# Fly rod racks



## 994 (Apr 14, 2008)

I'm actually going out this weekend to get some driftwood and start building something. I'm thinking of two coat rack type stands, I'll attach a picture. I'll use smaller diameter driftwood as dowels at equal heights to hold probably 8-10 fly rods, with random pieces at the top for things like a hat, buff, etc. I tend to move things around the house a couple times a year and having a modular setup will allow me to move them around the room as I get bored and need a new view. Plus my house is very old and full of concrete and plaster, so drilling into the walls is a real pain.


----------



## LowHydrogen (Dec 31, 2015)

Scrap Mahogany, very simple but works well and looks nice enough that it doesn't make the garage look bad....er...worse...


----------



## yobata (Jul 14, 2015)

I have this style, they are adjustable with an allen wrench and fairly inexpensive, but sturdy. The company is called Du-Bro


----------



## Tankhead (Aug 28, 2015)

Niceflyrodrack.com


----------



## jmrodandgun (Sep 20, 2013)

I screwed wine corks to the wall. Beveled the end a touch so they sit at a slight angle, if they are flat the rod tends to slide off. You don't even need to run the screw through the middle of the cork, you just can toe nail it on the wall. I used big enough screws on a few of them so they are sturdy enough to hold a camera bag or something similar.


----------



## lsunoe (Dec 5, 2016)

JM i’d like to see some pics of that


----------



## eightwt (May 11, 2017)

jmrodandgun said:


> screwed wine corks to the wall.


Plus you get the pleasure of the vino. Another positive for fruit of the vine.


----------



## crboggs (Mar 30, 2015)

lsunoe said:


> JM i’d like to see some pics of that


Yup...pics please!


----------



## Caleb.Esparza (Jan 31, 2016)

From a piece of scrap walnut I had laying around. Quick and easy horizontal wall hanger


----------



## captjsanchez (Sep 8, 2015)

I'd buy that...looks sweet


----------



## Tailer (Jan 10, 2017)

I built a ceiling rack out of 1" pine and a hole saw. Mounted with track clips to the drop ceiling in my office. I've got a toddler, so I like to keep them up out of reach.


----------



## el9surf (Dec 23, 2008)

This is what I have had for the past couple years. No fly rods on it yet since I just moved and just got it hung back up. It works ok unless you bump another rod and they you play catch.


----------



## jmrodandgun (Sep 20, 2013)

lsunoe said:


> JM i’d like to see some pics of that


This is the only picture I have. I actually dug out a little hole and filled it in after screwing it to the wall. I took this picture before poking the little piece of cork back into the hole. Once filled it you can not tell they are screwed to the wall. A few of them have heavy enough screws to support a back pack or boat bag. I do not have to worry about finding a stud as my walls are 3/4 inch thick ship lap.

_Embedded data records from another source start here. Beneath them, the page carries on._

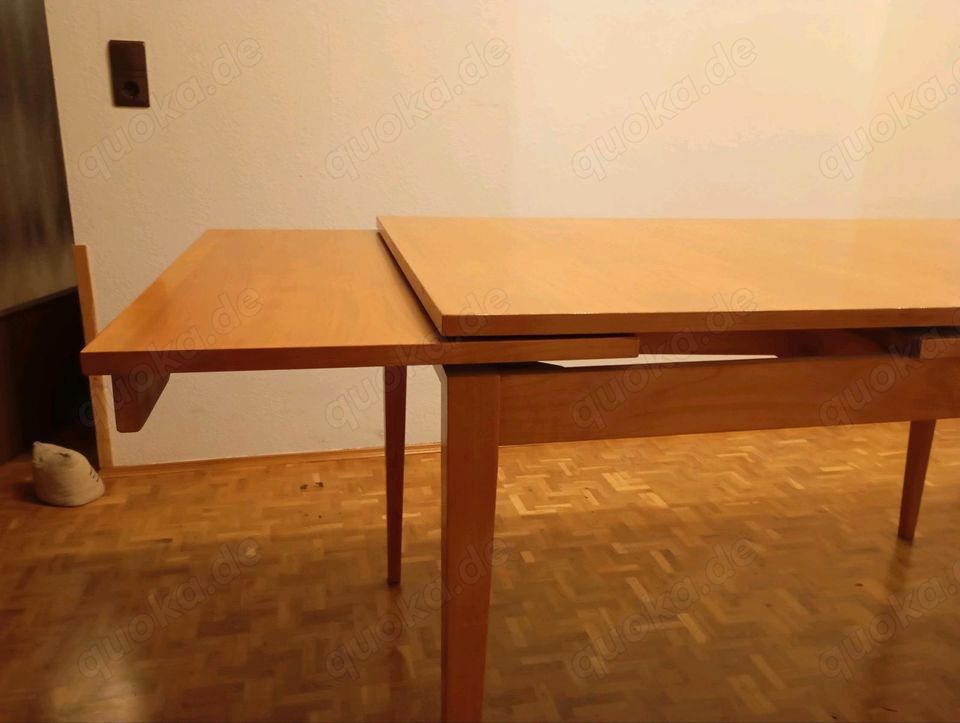 ausziehbarer Holztisch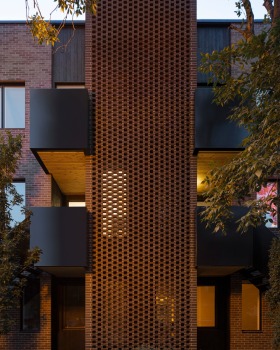 蒙特利尔 NotreDame 住宅设计丨加拿大蒙特利尔丨Le Borgne Rizk Architecture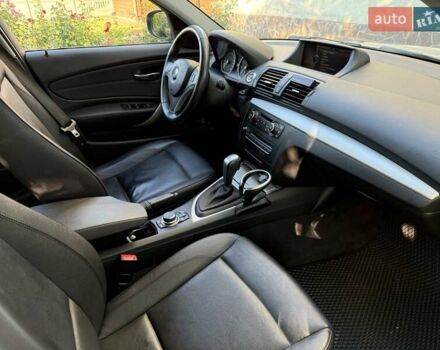 Серый БМВ 1 Серия, объемом двигателя 2 л и пробегом 108 тыс. км за 10900 $, фото 13 на Automoto.ua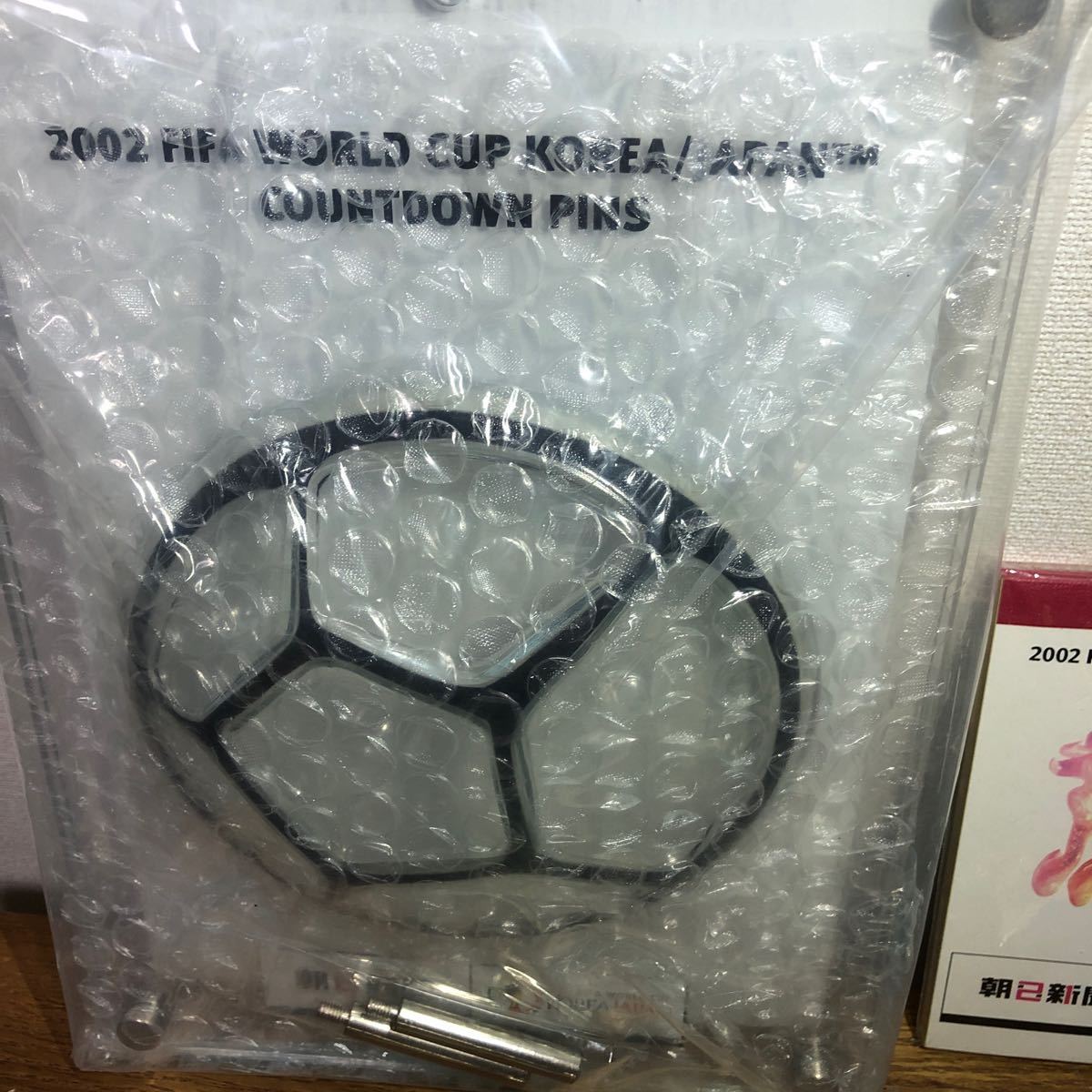  не использовался товар 2002 FIFA WORLD CUP Корея Япония World Cup футбол подсчет down булавка z суммировать булавка bachi значок 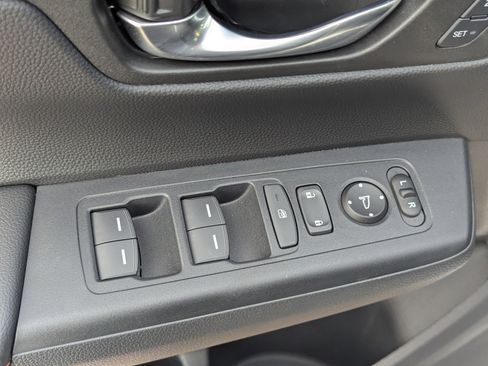 Used 2025 Honda CR-V Sport-L image 23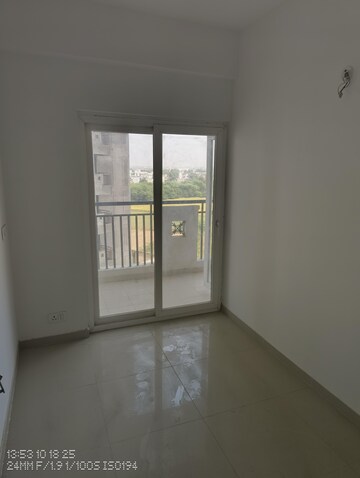 Room in 2 BHK Apartment at Ajnara Panorama Facing F1, Sector 22 Yamuna Expressway – for Rent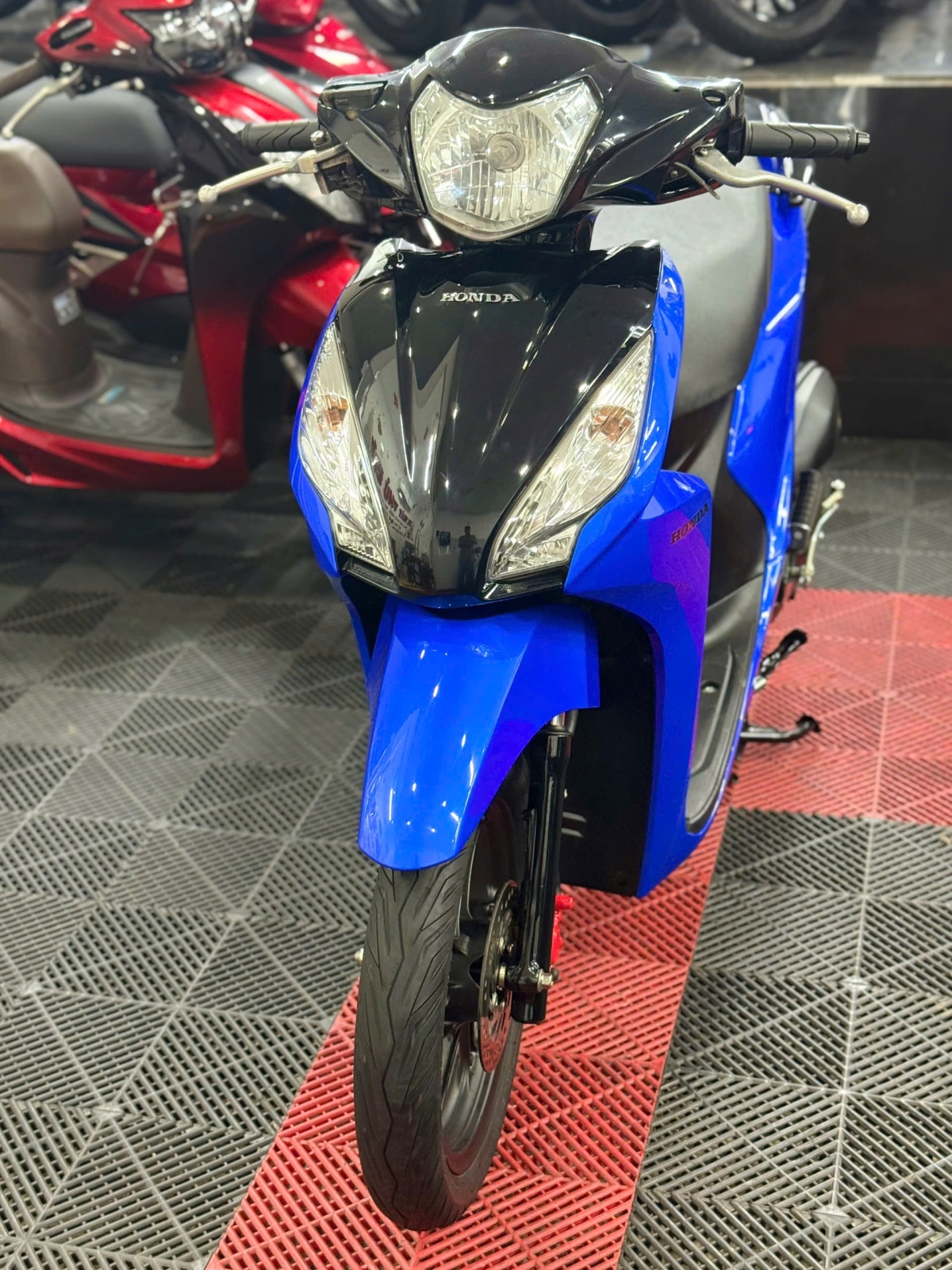 Honda Vision 2015 63B2-49225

Another way to do this is to put a nail in the wall, clip the head off and push the cork onto the nail.

In case the picture isn't showing up. https://imgur.com/nQhvQrq


----------



## lsunoe (Dec 5, 2016)

jmrodandgun said:


> This is the only picture I have. I actually dug out a little hole and filled it in after screwing it to the wall. I took this picture before poking the little piece of cork back into the hole. Once filled it you can not tell they are screwed to the wall. A few of them have heavy enough screws to support a back pack or boat bag. I do not have to worry about finding a stud as my walls are 3/4 inch thick ship lap.
> 
> Another way to do this is to put a nail in the wall, clip the head off and push the cork onto the nail.
> 
> In case the picture isn't showing up. https://imgur.com/nQhvQrq


Nice man that looks good. I think I’ll try that out this weekend.


----------



## Backwater (Dec 14, 2014)

el9surf said:


>


Oooo.... I'm tellin everybody you got spinnin rods! LOL


----------



## el9surf (Dec 23, 2008)

Backwater said:


> Oooo.... I'm tellin everybody you got spinnin rods! LOL


Lol yeah have quite a few of them from back in the day. They collect dust now but I'm sure my kids will put them to use in the years to come.


----------



## Backwater (Dec 14, 2014)

el9surf said:


> Lol yeah have quite a few of them from back in the day. They collect dust now but I'm sure my kids will put them to use in the years to come.


I'm not ashamed to say I still use mine when conditions don't favor fly fishing. I've been known to take them along as a "plan B."


----------



## el9surf (Dec 23, 2008)

I usually leave them at home for the most part. I do take them bass fishing though.


----------



## ifsteve (Jul 1, 2010)

Backwater said:


> I'm not ashamed to say I still use mine when conditions don't favor fly fishing. I've been known to take them along as a "plan B."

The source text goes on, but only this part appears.